A retrospective study was then performed over 18 months, directly comparing and analyzing ADEs that were manually reported versus those that were autodetected. The results were astounding:

  • VigiLanz autodetection captured an average of 19 additional events per month per facility. When comparing these numbers to their voluntary event reporting data during the same period, there was a 400 percent increase in ADEs via autodetection as compared to voluntary reporting. 
  • Seventy-seven percent of these autodetected events led to an investigation, leaving only 23 percent that were closed as not actual events or closed as duplicates that had also been reported manually. 
  • Additionally, there was a 66 percent increase in ADEs that resulted in harm to a patient – a significant amount of harm that would have otherwise gone unreported.


Preventing Sentinel Events

Autodetection can be used to detect more than just ADEs. After reviewing the Joint Commission’s list of the top 10 leading sentinel event types in 2022, we realized there were additional opportunities to detect safety events in the background. These are very serious events and lead to significant morbidity and mortality for patients – 20 percent are associated with patient death and 44 percent with severe temporary harm to a patient.

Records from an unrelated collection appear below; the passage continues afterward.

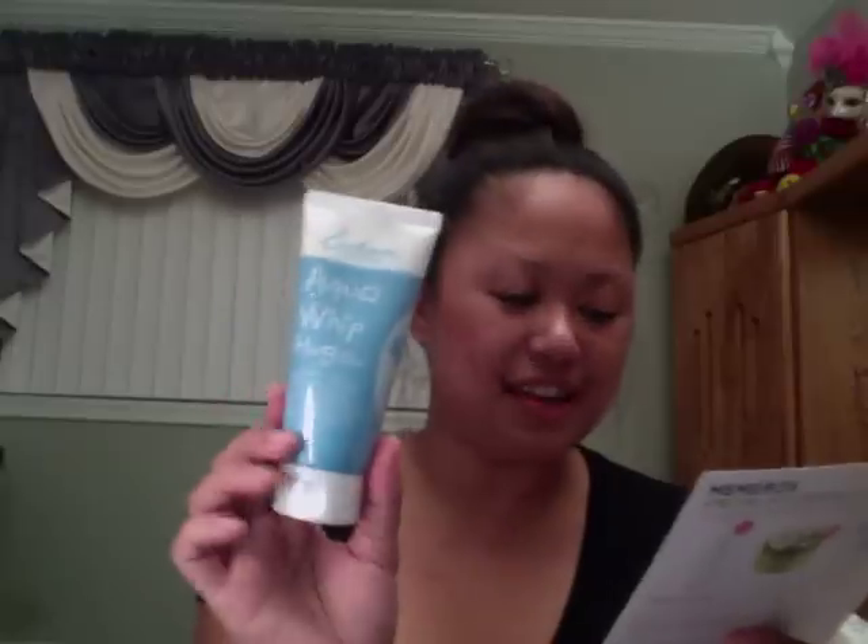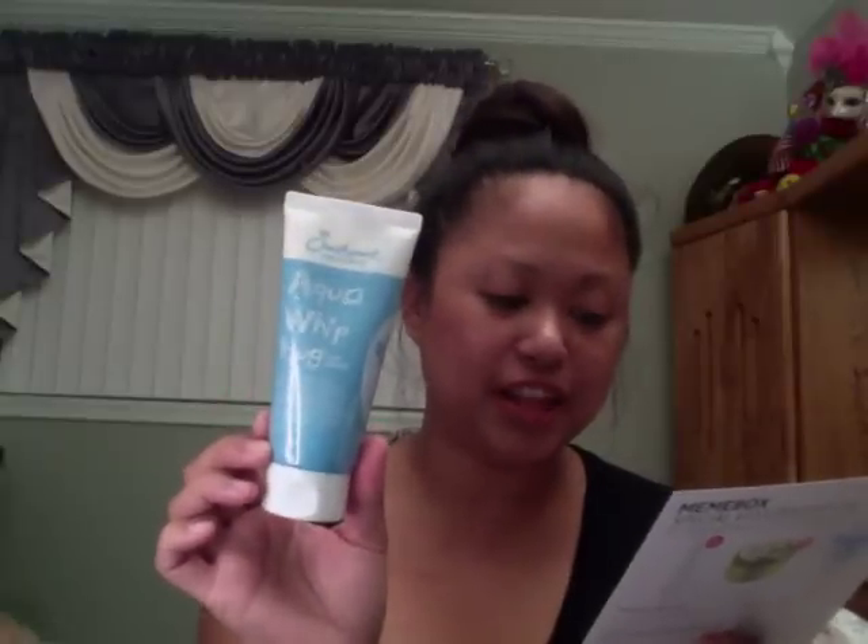The last item is a foam cleanser. I love getting cleansers. It's from the brand called Awesome, which is funny because that's my favorite expression. This is called Aqua Whip Hug Foam Cleanser, 120 milliliters, full-size, $18. It's a foam cleanser made from Canadian glaciers, extremely pure and rich in minerals. The fine, soft, whipped cream-like bubbles created from the cleanser are very gentle and effective in penetrating deep into your pores. Just lather it in your hands, apply it on your face, and rinse. I love getting cleansers from these boxes — I don't think I ever have to buy cleansers in the next 10 years because of all the ones I got from Mimi Boxes.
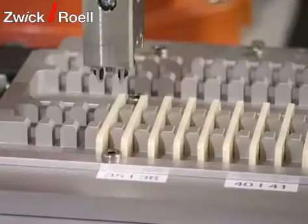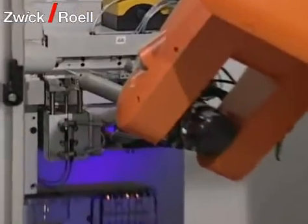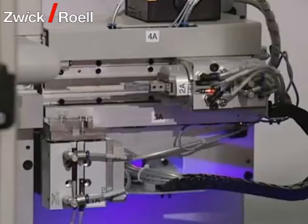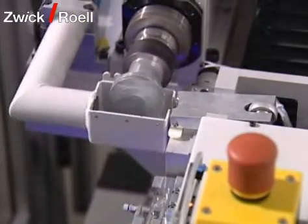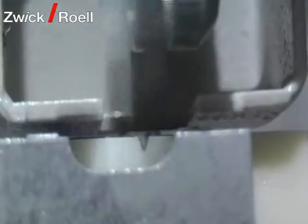The robot takes the first specimen from the testing sequence and brings it to the notch milling unit. Once the notch milling unit has received the specimen from the robot, it is clamped and the milling process can start. With this design, it is possible to notch one-sided or double-sided.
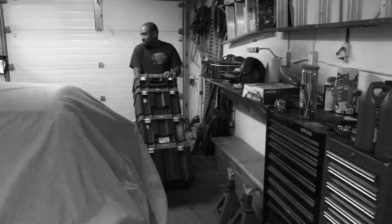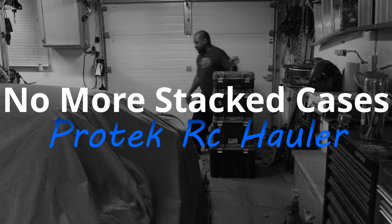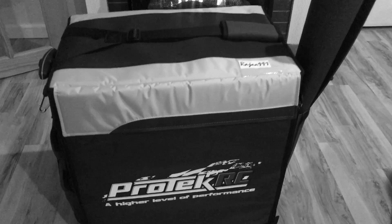All right, I know I usually do the morning. This is the Pro-Tec RC hauler. I got this because I want to start traveling lighter. You all know I usually stack up, but I got this because I want to start traveling lighter and I got everything packed in, so I'm gonna show you all this.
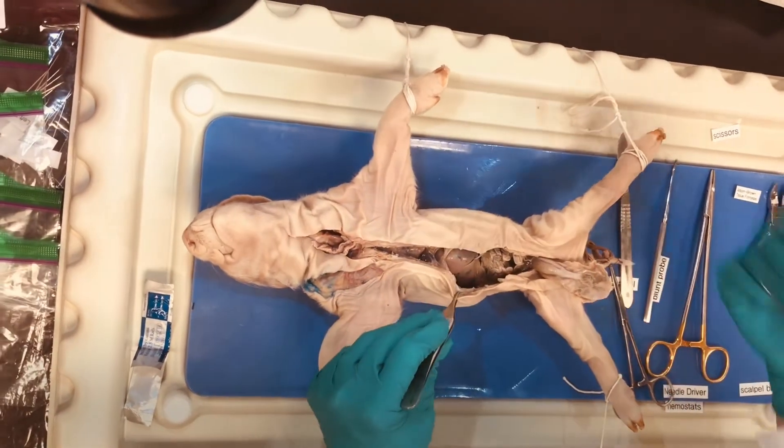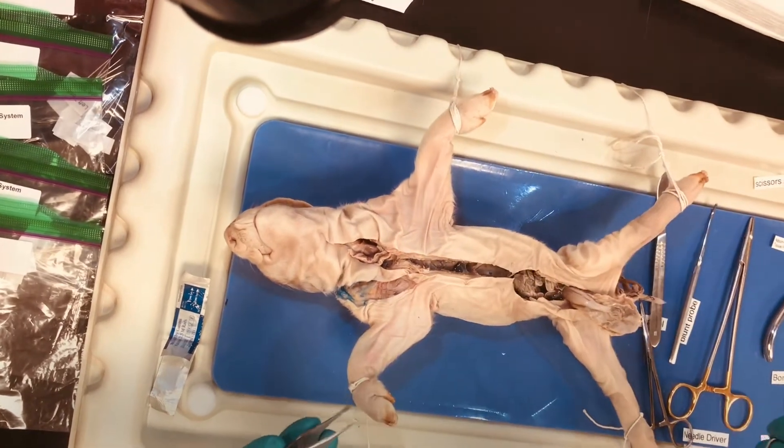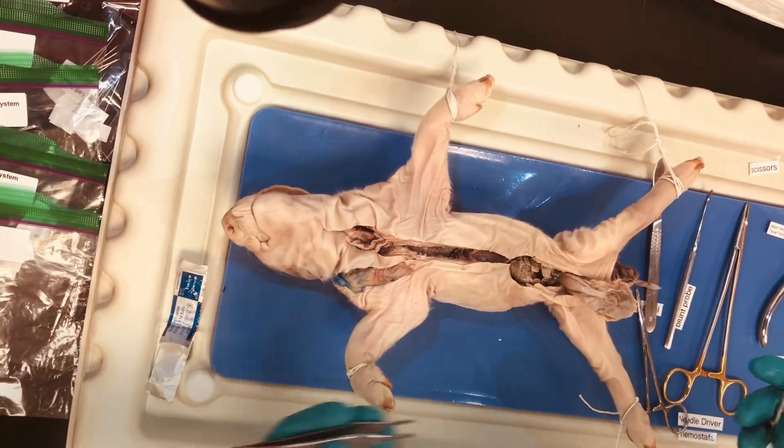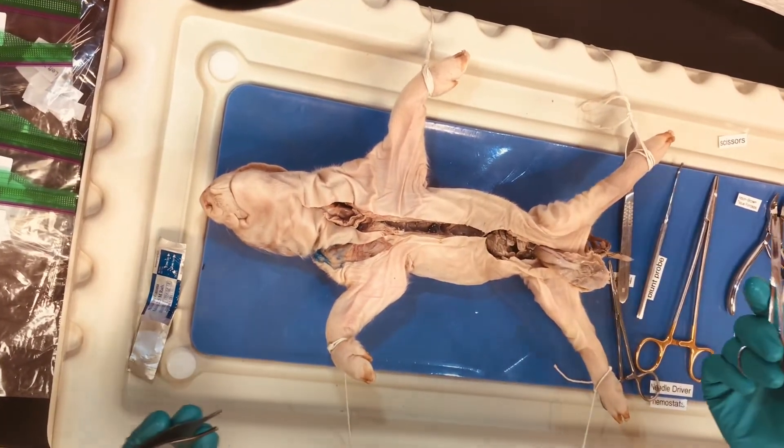Okay, getting our abdomen set up — this is how we're going to do this. I'm going to spend a couple of minutes, we'll fast forward, and then we'll go over some important tissues.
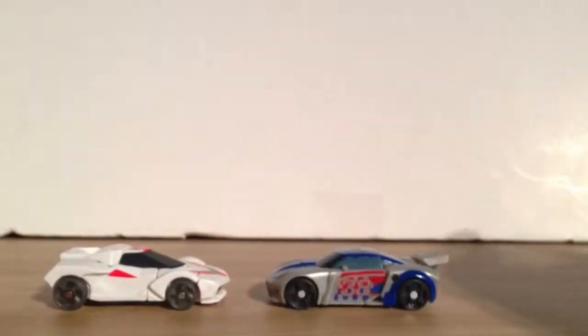Here he is again with Wheeljack so you can see the size comparison. He's a car.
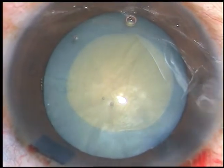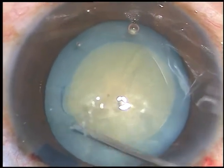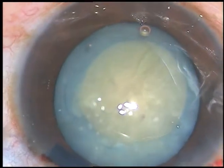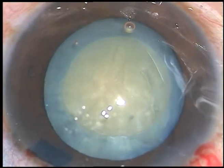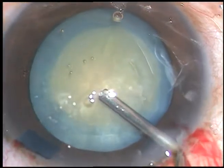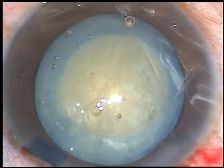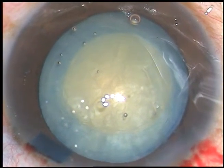We can complete the case through this rhexis because the cataract is not very hard. It is a medium density cataract — nuclear sclerosis is about grade 3 plus.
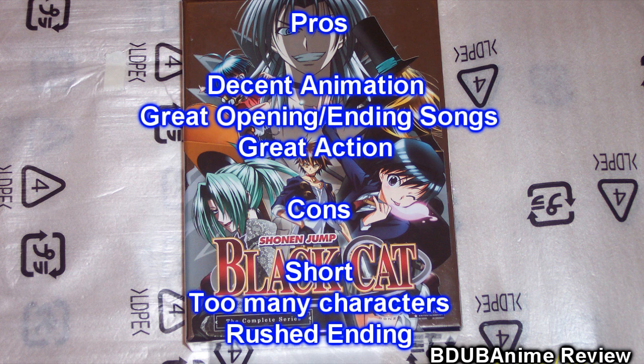Pros and cons. Pro: decent animation quality and some pretty awesome opening and ending themes, in my opinion. The series was pretty good as far as the action and the violence. Cons: way too short. I also felt the series had too many characters towards the end of the second arc — it was kind of rushed to get to the ending.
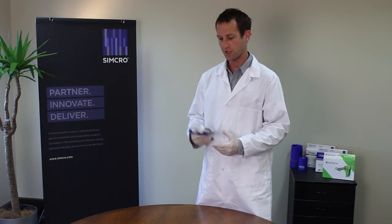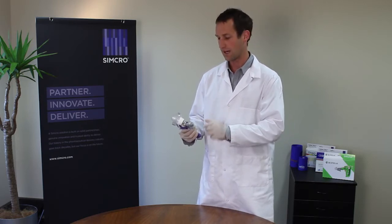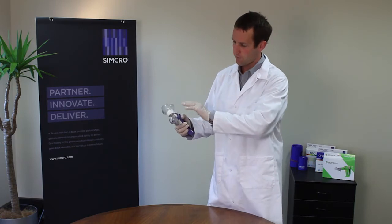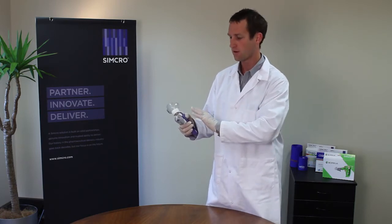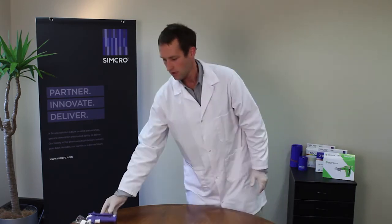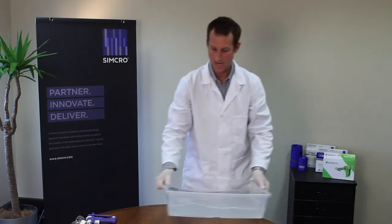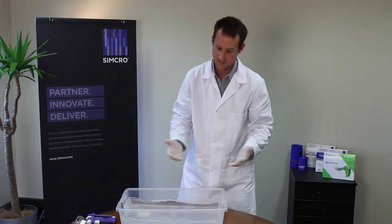Finally in this video I'm going to show you really simply how to clean this injector — really, really easy. Obviously we've removed the bottle and the needle and dispelled the product from the barrel, so there's no product in there. Simply grab some soaking water — this can be done in a bucket, a clean bucket.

VigiLanz set up 17 autodetection rules around sentinel events and hospital-acquired conditions for 56 days at 32 different sites. On average, the rules identified more than three events per day. Most of the events identified were in the hospital-acquired conditions category, but two sentinel events were identified as well. DVT/PE, CAUTI, and Iatrogenic Pneumothorax were the most frequently detected events in this short observation period. This effort further solidifies the value of this tool to enhance safety event capture in an automated way.


Improve Patient Safety at Your Institution 

Let’s bring this full circle. The VigiLanz platform can provide identification and early detection of safety events so that your organization can make more informed decisions to prevent harm and lower the incidence of safety events. It’s been said that you can’t manage what you can’t measure, and that’s where autodetection can make a big difference.

VigiLanz, an Inovalon solution, is the only offering on the market currently leveraging both voluntarily reported and automatically detected safety incidents to help healthcare leaders gain visibility into the true state of patient safety inside their institutions. At the end of the day, it’s all about the patient – and we are committed to empowering your teams to provide the best possible care to patients when they need it most.